Involvement of activation of NADPH oxidase and extracellular signal-regulated kinase (ERK) in renal cell injury induced by zinc.

Zinc is employed as a supplement; however, zinc-related nephropathy is not generally known. In this study, we investigated zinc-induced renal cell injury using a pig kidney-derived cultured renal epithelial cell line, LLC-PK(1), with proximal kidney tubule-like features, and examined the involvement of free radicals and extracellular signal-regulated kinase (ERK) in the cell injury. The LLC-PK(1) cells showed early uptake of zinc (30 microM), and the release of lactate dehydrogenase (LDH), an index of cell injury, was observed 24 hr after uptake. Three hours after zinc exposure, generation of reactive oxygen species (ROS) was increased. An antioxidant, N, N'-diphenyl-p-phenylenediamine (DPPD), inhibited a zinc-related increase in ROS generation and zinc-induced renal cell injury. An NADPH oxidase inhibitor, diphenyleneiodonium (DPI), inhibited a zinc-related increase in ROS generation and cell injury. We investigated translocation from the cytosol fraction of the p67(phox) subunit, which is involved in the activation of NADPH oxidase, to the membrane fraction, and translocation was induced 3 hr after zinc exposure.
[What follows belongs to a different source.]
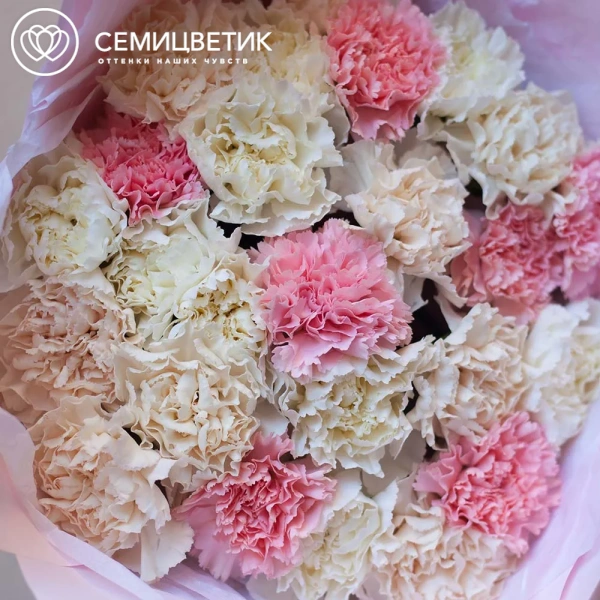 Букет из 25 розовых, белых и кремовых гвоздик в розовой пленке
We examined the involvement of ERK1/2 in the deterioration of zinc-induced renal cell injury, and the association between ERK1/2 and an increase in ROS generation. Six hours after zinc exposure, the activation (phosphorylation) of ERK1/2 was observed. An antioxidant, DPPD, inhibited the zinc-related activation of ERK1/2. An MAPK/ERK kinase (MEK1/2) inhibitor, U0126, almost completely inhibited zinc-related cell injury (the release of LDH), but did not influence ROS generation. These results suggest that early intracellular uptake of zinc by LLC-PK(1) cells causes the activation of NADPH oxidase, and that ROS generation by the activation of the enzyme leads to the deterioration of renal cell injury via the activation of ERK1/2.